**TASK DIRECTIONS:** Of the material below, the lines to be retyped are those from the line containing "My Secret Crush" through the line containing "首发球员阵容解析与战术布置深度剖析助力球队全面提升表现", inclusive; reproduce them exactly.

**INPUT RECORDS:**
☆ ☆ ☆ ☆ ☆

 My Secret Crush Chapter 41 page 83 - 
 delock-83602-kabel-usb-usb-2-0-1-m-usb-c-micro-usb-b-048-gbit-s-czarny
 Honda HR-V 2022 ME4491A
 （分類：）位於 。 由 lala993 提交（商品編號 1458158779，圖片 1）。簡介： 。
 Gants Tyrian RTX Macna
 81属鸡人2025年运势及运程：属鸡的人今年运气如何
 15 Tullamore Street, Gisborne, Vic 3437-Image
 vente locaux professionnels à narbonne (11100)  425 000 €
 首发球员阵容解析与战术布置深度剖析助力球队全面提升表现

☆ ☆ ☆ ☆ ☆

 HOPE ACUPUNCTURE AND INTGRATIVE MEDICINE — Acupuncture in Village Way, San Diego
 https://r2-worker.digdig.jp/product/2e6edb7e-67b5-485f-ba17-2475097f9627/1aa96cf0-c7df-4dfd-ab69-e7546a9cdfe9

☆ ☆ ☆ ☆ ☆

**REPLY:**
 My Secret Crush Chapter 41 page 83 - 
 delock-83602-kabel-usb-usb-2-0-1-m-usb-c-micro-usb-b-048-gbit-s-czarny
 Honda HR-V 2022 ME4491A
 （分類：）位於 。 由 lala993 提交（商品編號 1458158779，圖片 1）。簡介： 。
 Gants Tyrian RTX Macna
 81属鸡人2025年运势及运程：属鸡的人今年运气如何
 15 Tullamore Street, Gisborne, Vic 3437-Image
 vente locaux professionnels à narbonne (11100)  425 000 €
 首发球员阵容解析与战术布置深度剖析助力球队全面提升表现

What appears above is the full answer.